### [Task description]
An exact transcript is required of the lines below, from the one containing "4891 Will Ben Street - Photo 2" through the very last; leave every picture out of it.

[Opening Dataset records section]

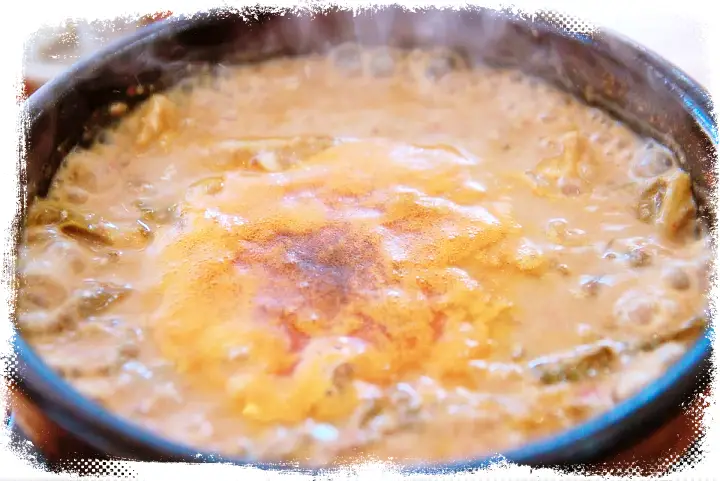 식객-허영만-백반기행-사골-고추장-추어탕-경기-여주-맛집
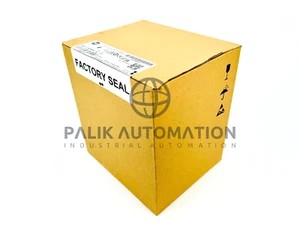 Allen Bradley 5069-L320ERMS2 5069L320ERMS2 GuardLogix5380, SIL2 / PLd 2,0 MB NEW - Bild 1 von 5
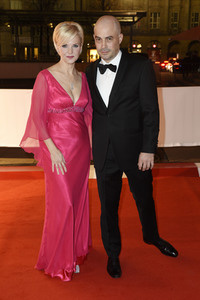 23. Leipziger Opernball 2017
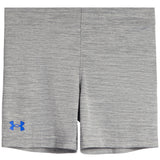 Tech Baseball Short Set - Denny's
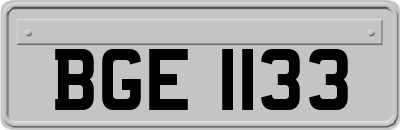 BGE1133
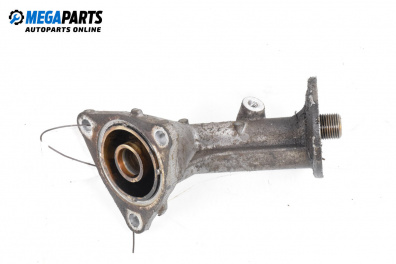 Корпус за маслен филтър за Toyota Yaris Hatchback II (01.2005 - 12.2014) 1.3 VVT-i, 87 к.с.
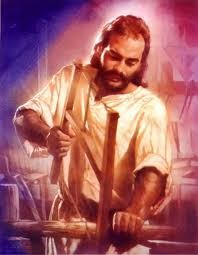 [Jeshua carpintero[2].jpg]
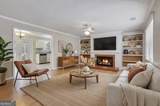 4891 Will Ben Street - Photo 2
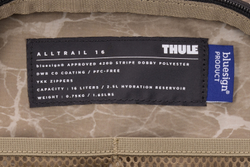 1417232-21461162.jpg Thule AllTrail Daypack 16L Schwarz – Wanderrucksack - Produktbild - 11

[Closing Dataset records section]

### [Expected answer]
 4891 Will Ben Street - Photo 2
 1417232-21461162.jpg Thule AllTrail Daypack 16L Schwarz – Wanderrucksack - Produktbild - 11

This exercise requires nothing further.